A p<0.05 was used as the threshold value for statistical significance for variable selection for multivariate modeling using the Cox proportional hazards model in order not to overlook any potentially important predictors. Only those variables found to be significant in the univariate analysis were included in the model. We then used receiver operating characteristic (ROC) curve analysis to determine the best threshold values for CA 19-9 level and tumor volume. Sensitivity, specificity, and positive and negative predictive values were calculated for each threshold value of CA 19-9, CEA, and tumor volume. We considered values statistically significant when the p<0.05.
RESULTS
1. Patients and diagnoses
Of the 177 patients, 92 were male and 85 female with a median age of 66.8 years. Tumor location was confined to the head of pancreas in 142 patients and to the body or tail in 35 patients. We performed pancreaticoduodenectomy in 140 patients, distal splenopancreatectomy in 35, and a total pancreatectomy in two patients. The mean preoperative size of the tumors was 3.98 cm; preoperative mean cCA 19-9 and cCEA were 525 U/mL and 3.22 ng/mL, respectively. Histological examination showed a grading of 3 to 4 in 93 patients; according to the American Joint Committee on Cancer (AJCC; 6th edition from 2002 to 2009 and 7th edition from 2009 to 2012) pancreatic cancer staging, 89 patients presented with a stage IIb tumor, 29 with a stage III tumor, 28 with a stage IIa, 12 with a stage Ib tumor, and 19 with a stage Ia PAC.
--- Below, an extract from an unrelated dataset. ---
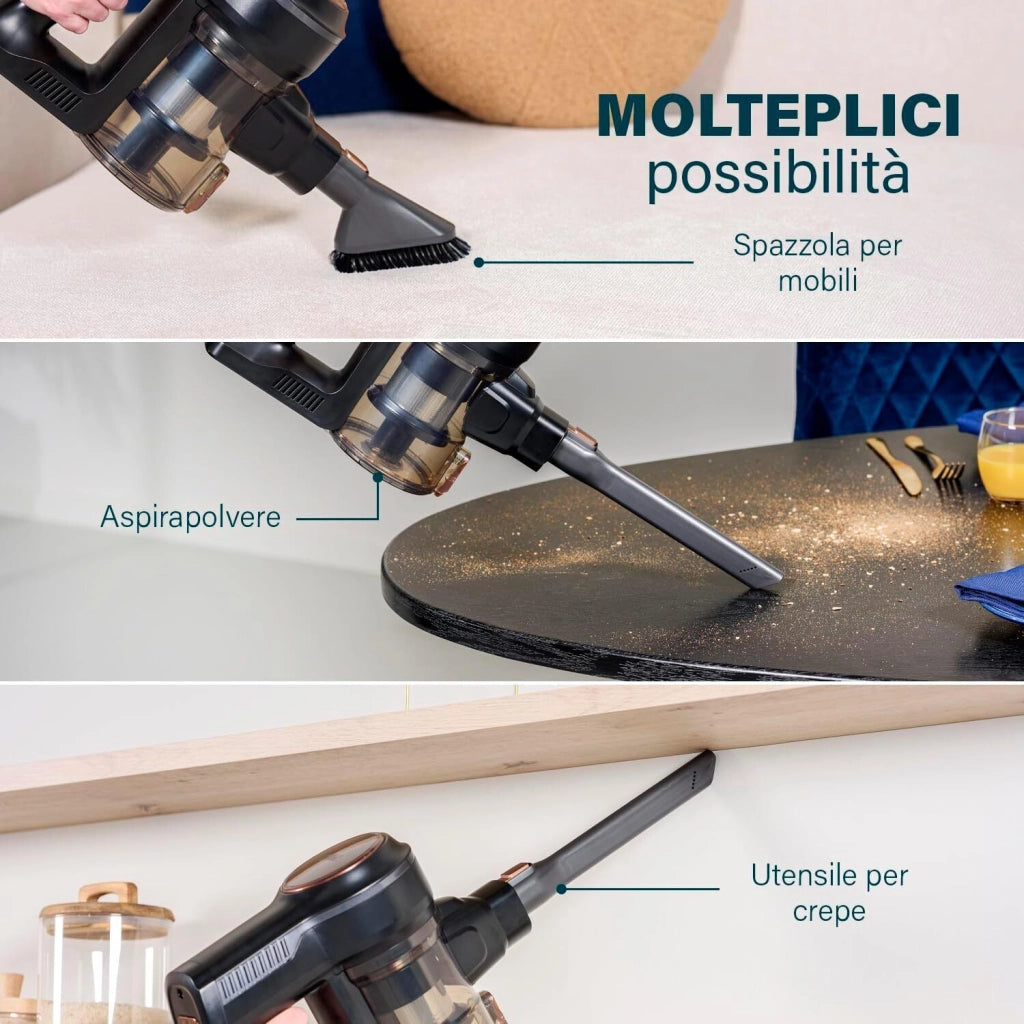 Princess 01.339390.01.001 scopa elettrica Aspirapolvere a bastone Batteria Secco HEPA Senza sacchetto 0,6 L 220 W Nero, Marrone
2. Preoperative factors that influenced early recurrence
After univariate analysis, preoperative cCA 19-9, tumor size, and the presence of node metastases were statistically correlated with early recurrence (Table 2). The significance of preoperative cCA 19-9 and tumor size in predicting early recurrence is shown by regression lines through the regression coefficient (Fig. 1). ROC curve analyses were performed in order to establish the level of cCA 19-9 and tumor size related to early recurrence. The most predictive value for preoperative cCA 19-9 was 228 U/L or higher (specificity, 66.9%; sensitivity, 62.0%) and for tumor size was 3 cm or higher (specificity, 80.7%; sensitivity, 51.3%).
Table 2.
CA 19-9, carbohydrate antigen 19-9; CEA, carcinoembryonic antigen.
*By analysis of variance.
Using these values, we tested the utility of each marker and the combination of the threshold values for the prediction of early recurrence (Table 3); when all the three preoperative parameters were less than the threshold values the prediction of early recurrence was assessed with 90.4% accuracy (Table 3).
Table 3.
AUC, area under the curve; CI, confidence interval; PPV, positive predictive value; NPV, negative predictive value; CA 19-9, carbohydrate antigen 19-9.
We also found that after univariate analysis, a preoperative cCA 19-9 level >228 U/mL and tumor size ≥3.1 cm significantly predict disease-free survival (DFS) and overall survival (OS) in Table 4. Patients were divided into two subgroups based upon preoperative cCA 19-9 level, tumor size, and the presence of lymph node metastases at the preoperative staging. Group A consisted of 49 patients with CA 19-9 levels <228 U/mL, tumor size <3 cm, and the absence of lymph node metastases while group B consisted of 128 patients with cCA 19-9 levels >228 U/mL, a tumor size ≥3.1 cm, and preoperative metastatic nodes. The two subgroups were equivalent in terms of age, sex, and tumor location (p=n.s.). Table 4 demonstrated that group B patients experienced shorter median OS and DFS compared to group A patients (OS, 14.8 months vs 20.5 months, p<0.001; DFS, 11.4 months vs 20.6 months, p<0.001, respectively) (Fig. 2).
Table 4.
CA 19-9, carbohydrate antigen 19-9.
After multivariate analysis considering both preoperative and postoperative parameters, the preoperative assessment combining preoperative cCA 19-9, tumor size, and the presence of nodes metastases (p=0.0314; hazard ratio, 3.9811; 95% confidence interval, 1.1745 to 15.3245), a complete microscopic resection (R0), the ratio of metastatic/resected lymph nodes >0.3 (lymph node ratio), and AJCC stage were each independently correlated with early recurrence (Table 5).
Table 5.
SE, standard error; HR, hazard ratio; CI, confidence interval; LNR, lymph node ratio; cCA 19-9, corrected carbohydrate antigen 19-9.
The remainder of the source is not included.